Auf Grundlage des Rechtsanwaltsvergütungsgesetzes (RVG) können folgende Kosten anfallen:
Der folgenden Tabelle können Sie einige Beispielwerte entnehmen. Beachten Sie, dass sich die genannten Kosten nur auf die Vertretung vor Gericht beziehen. Für die außergerichtliche Beratung vor und nach dem Gerichtsverfahren fallen weitere Gebühren an.
Des Weiteren beziehen sich die Beispielwerte nur auf Verfahren, in denen das Gericht ein Urteil gesprochen hat. Für z. B. die Vertretung im gerichtlichen Mahnverfahren oder in Verfahren auf Erlass eines Vollstreckungsbescheids fallen andere Kosten an.
Streitwert |
Gesamtkosten ohne Einspruch & mit Annahme des Versäumnisurteils |
Gesamtkosten mit Einspruch & Weiterführung des Verfahrens |
„Mehr” an Anwaltskosten aufgrund der Säumnis (Einspruchskosten) |
500,00 € |
81,39 € |
118,88 € |
37,49 € |
1.000,00 € |
133,28 € |
199,92 € |
66,64 € |
5.000,00 € |
438,45 € |
690,85 € |
252,40 € |
10.000,00 € |
787,42 € |
1.252,24 € |
464,82 € |
50.000,00 € |
1.615,36 € |
2.584,14 € |
968,78 € |
Im Zivilprozess gilt grundsätzlich: Wer verliert, muss zahlen. Eine Ausnahme dieser Regel bilden die Mehrkosten eines Einspruchs: Gemäß § 344 ZPO muss der Säumige alle Kosten übernehmen, die durch sein Fehlverhalten entstanden sind. So soll die mutwillige Verzögerung des Prozesses abgestraft werden.
Das heißt: Ist Ihr Einspruch erfolgreich und ändert das Gericht seine Entscheidung zu Ihren Gunsten, trägt Ihr Gegner alle Anwalts- und Gerichtskosten – mit Ausnahme der Kosten für den Einspruch.

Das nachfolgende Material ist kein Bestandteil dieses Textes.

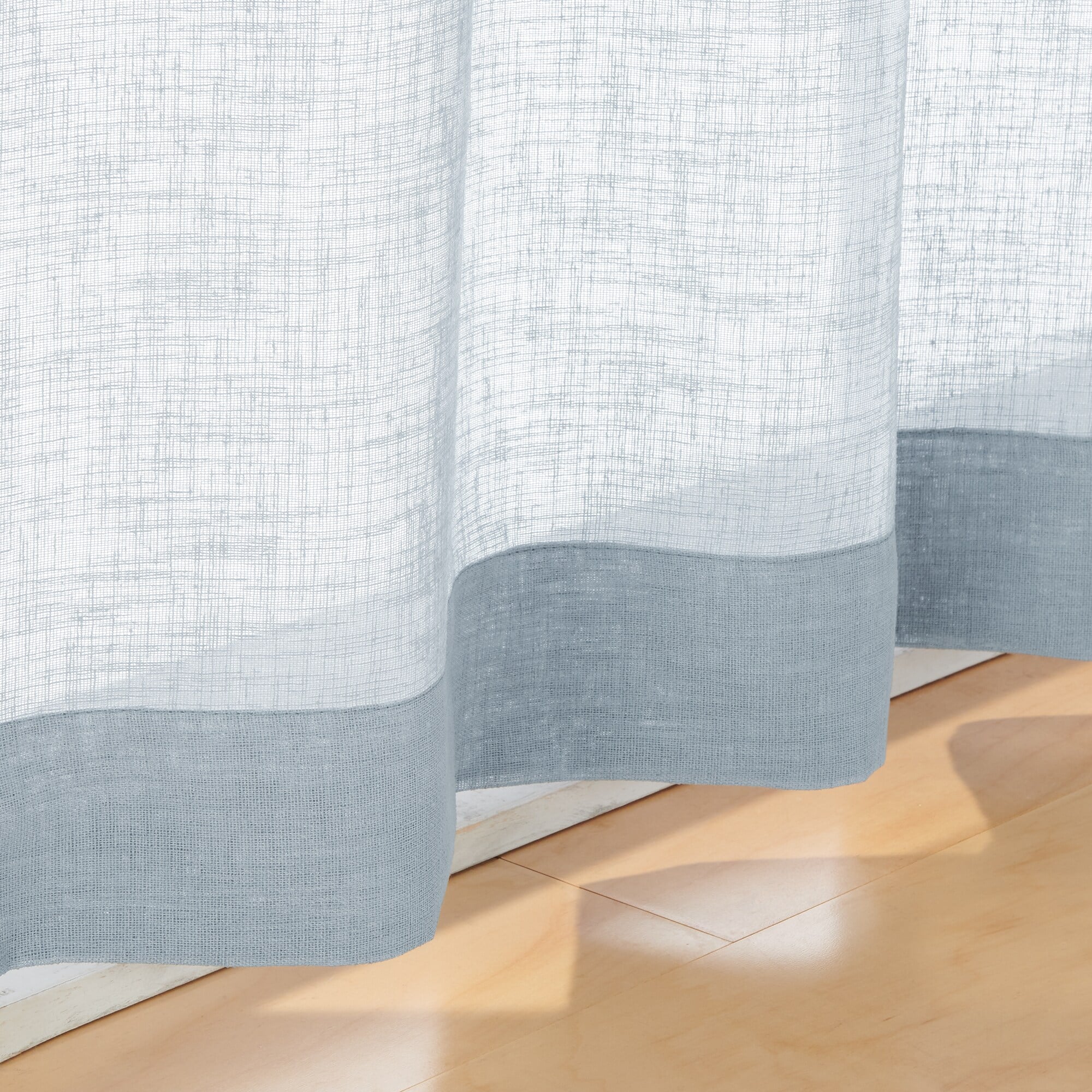 リネンライク　レース（防炎）ノンプリーツカーテン／ブルー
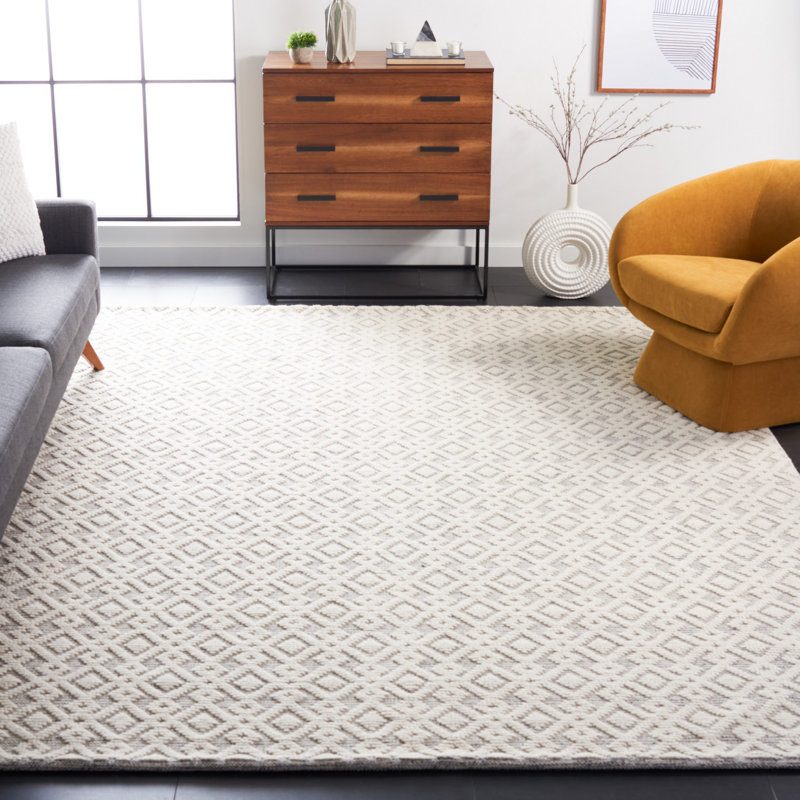 Tapis géométrique en laine / gris tissé à la main Vermont, Rectangle 6 pi x 9 pi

Wurde ein Versäumnisurteil gegen Sie gefällt, könnte eine schnelle Reaktion wichtig sein – Ihr Klagegegner kann seine Forderungen sofort vollstrecken.
Ist das Versäumnisurteil ergangen, weil Sie sich trotz Anwaltszwang (z. B. vor einem Landgericht) nicht ordnungsgemäß haben vertreten lassen, müssen Sie für einen Einspruch unbedingt einen Anwalt beauftragen.
Ansonsten wird der Einspruch zwar zugelassen, aber bei Fortsetzung des Verfahrens direkt wieder ein Versäumnisurteil gefällt. Dann hätten Sie endgültig verloren.
Sinnvoll kann ein Anwalt auch sein, wenn kein Anwaltszwang besteht. Er kann prüfen, ob ein Einspruch aus finanzieller Sicht überhaupt zielführend ist – manchmal wäre die Annahme des Urteils taktisch klüger und finanziell günstiger.
Spricht die Sachlage in Ihrem Fall für einen Einspruch, wird der Anwalt diesen ausformulieren und Sie im anschließenden Verfahren mit juristisch fundierten Argumenten vertreten.